Beginning at the top of the entries below, retype each line exactly until the line containing "Aimant Panneau Duck Hex" has been written out; include no pictures and no later lines.

Brief descriptive captions:
▶

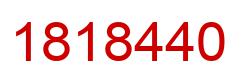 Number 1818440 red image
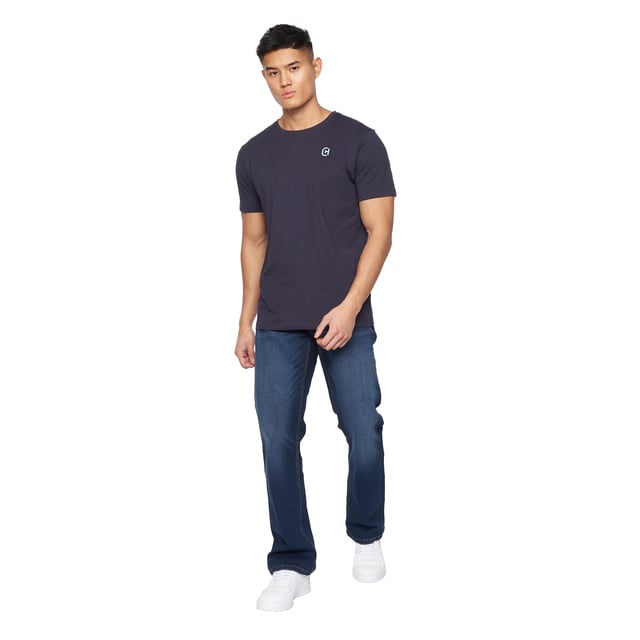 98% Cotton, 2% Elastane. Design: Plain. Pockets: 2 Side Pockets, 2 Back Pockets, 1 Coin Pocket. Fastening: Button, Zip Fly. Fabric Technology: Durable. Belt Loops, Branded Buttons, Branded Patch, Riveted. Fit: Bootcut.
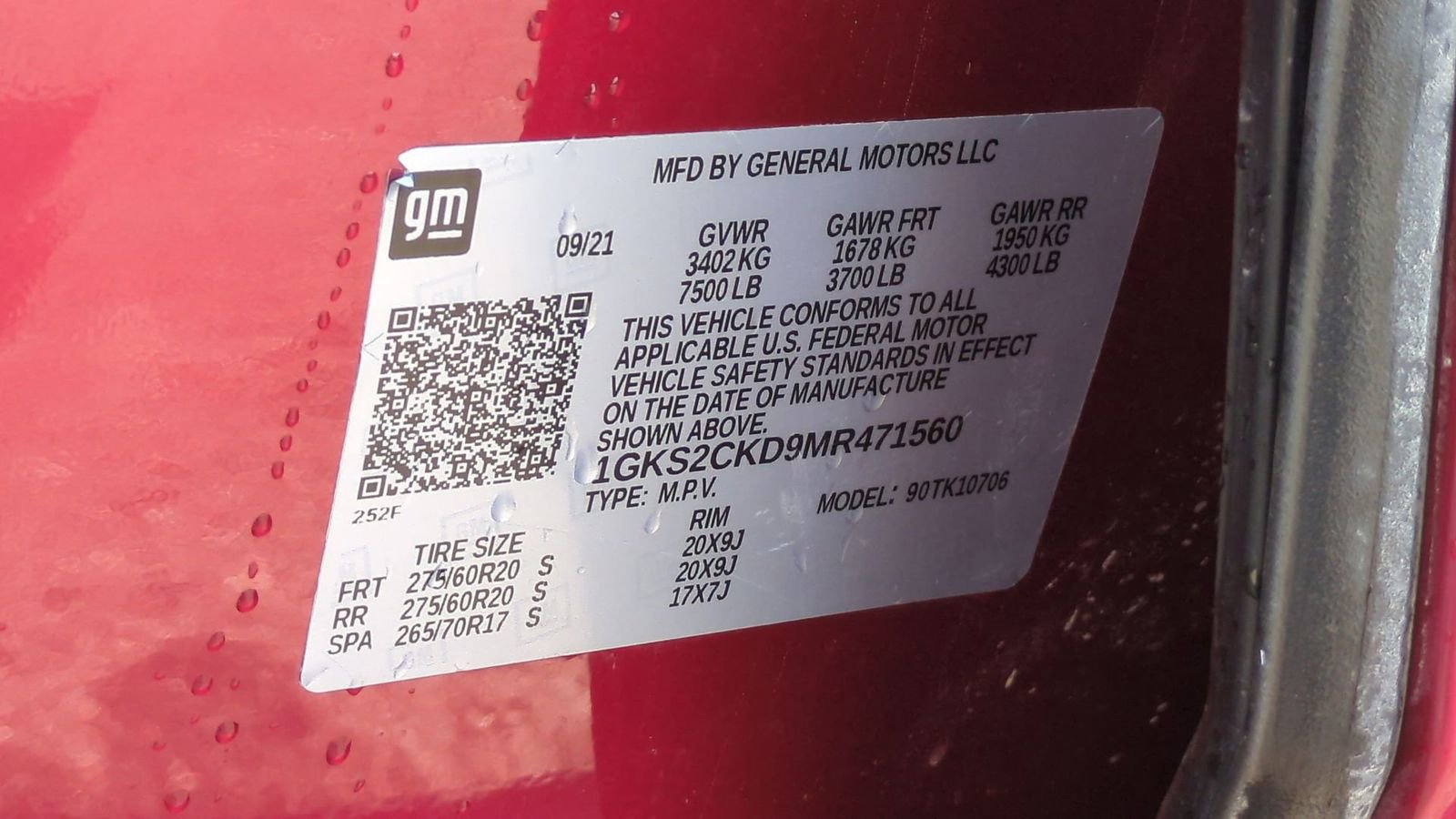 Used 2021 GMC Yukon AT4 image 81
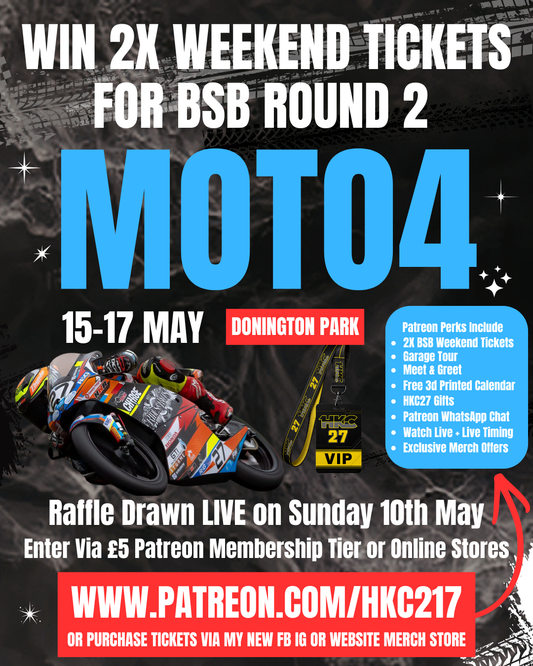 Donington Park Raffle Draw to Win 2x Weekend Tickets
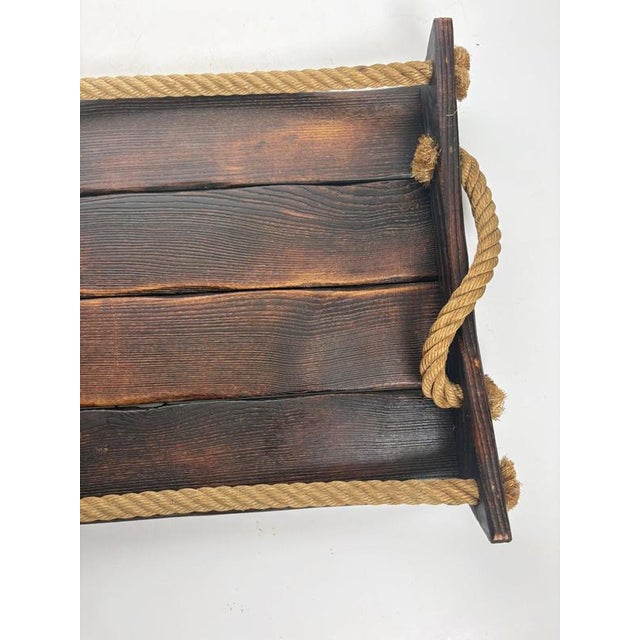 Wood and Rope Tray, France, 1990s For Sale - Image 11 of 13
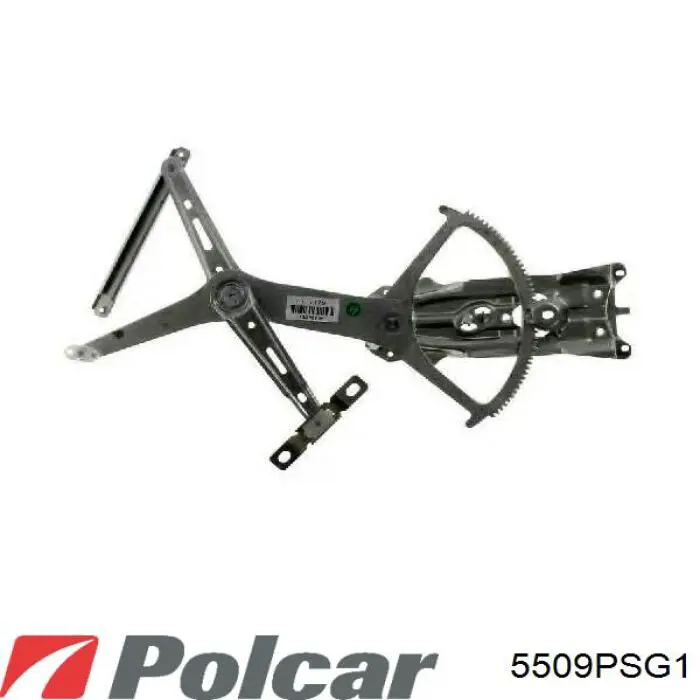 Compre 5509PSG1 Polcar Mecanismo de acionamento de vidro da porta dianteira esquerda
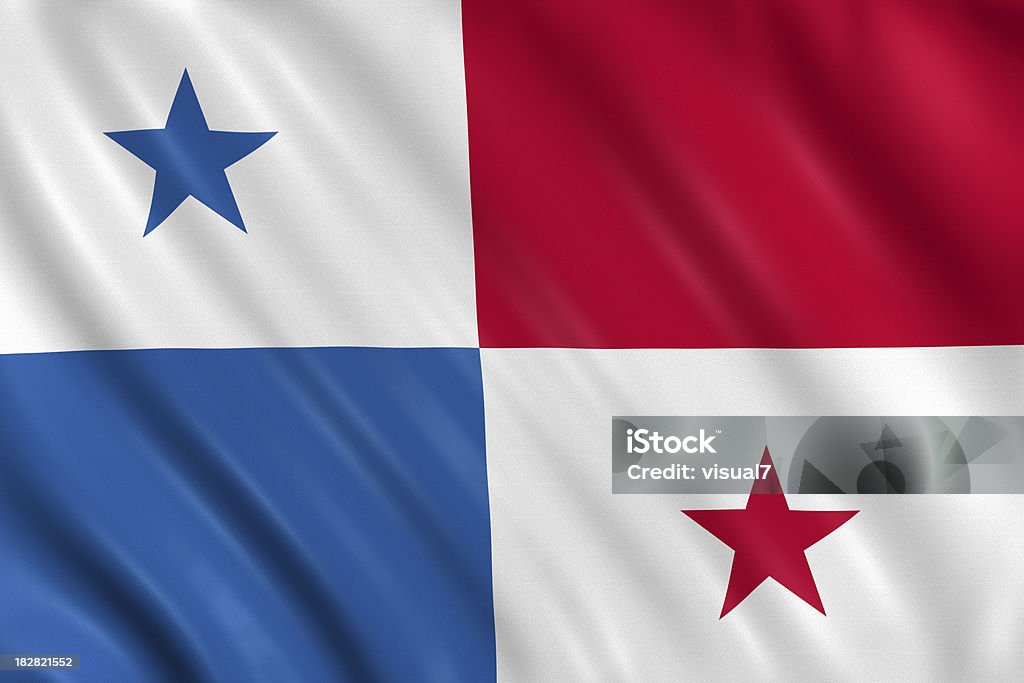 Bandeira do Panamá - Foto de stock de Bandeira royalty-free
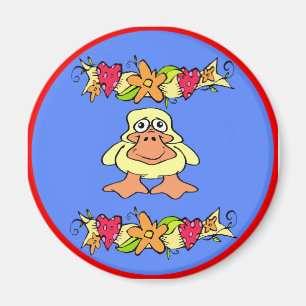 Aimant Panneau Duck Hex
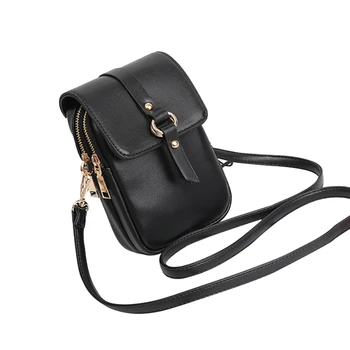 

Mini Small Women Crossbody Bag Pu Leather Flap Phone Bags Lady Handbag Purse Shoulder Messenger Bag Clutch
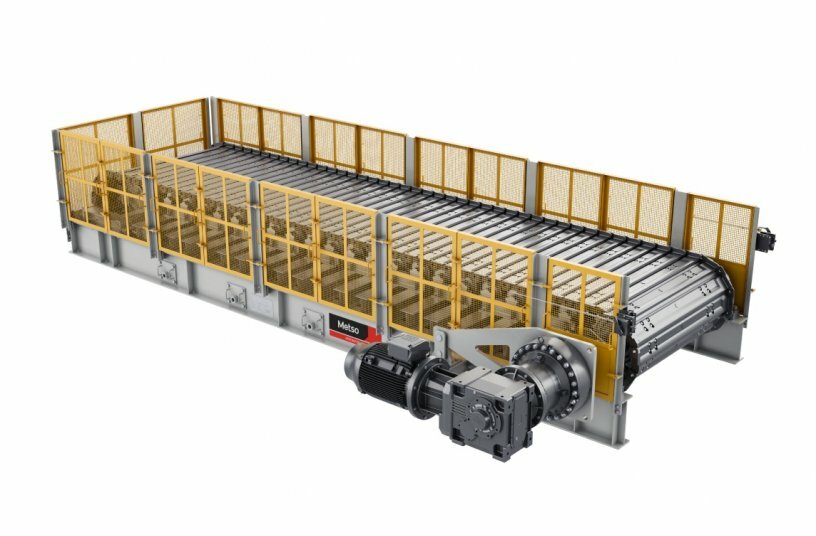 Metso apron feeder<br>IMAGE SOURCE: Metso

◀

* [PROBLEM SOLUTION]
 Number 1818440 red image
 98% Cotton, 2% Elastane. Design: Plain. Pockets: 2 Side Pockets, 2 Back Pockets, 1 Coin Pocket. Fastening: Button, Zip Fly. Fabric Technology: Durable. Belt Loops, Branded Buttons, Branded Patch, Riveted. Fit: Bootcut.
 Used 2021 GMC Yukon AT4 image 81
 Donington Park Raffle Draw to Win 2x Weekend Tickets
 Wood and Rope Tray, France, 1990s For Sale - Image 11 of 13
 Compre 5509PSG1 Polcar Mecanismo de acionamento de vidro da porta dianteira esquerda
 Bandeira do Panamá - Foto de stock de Bandeira royalty-free
 Aimant Panneau Duck Hex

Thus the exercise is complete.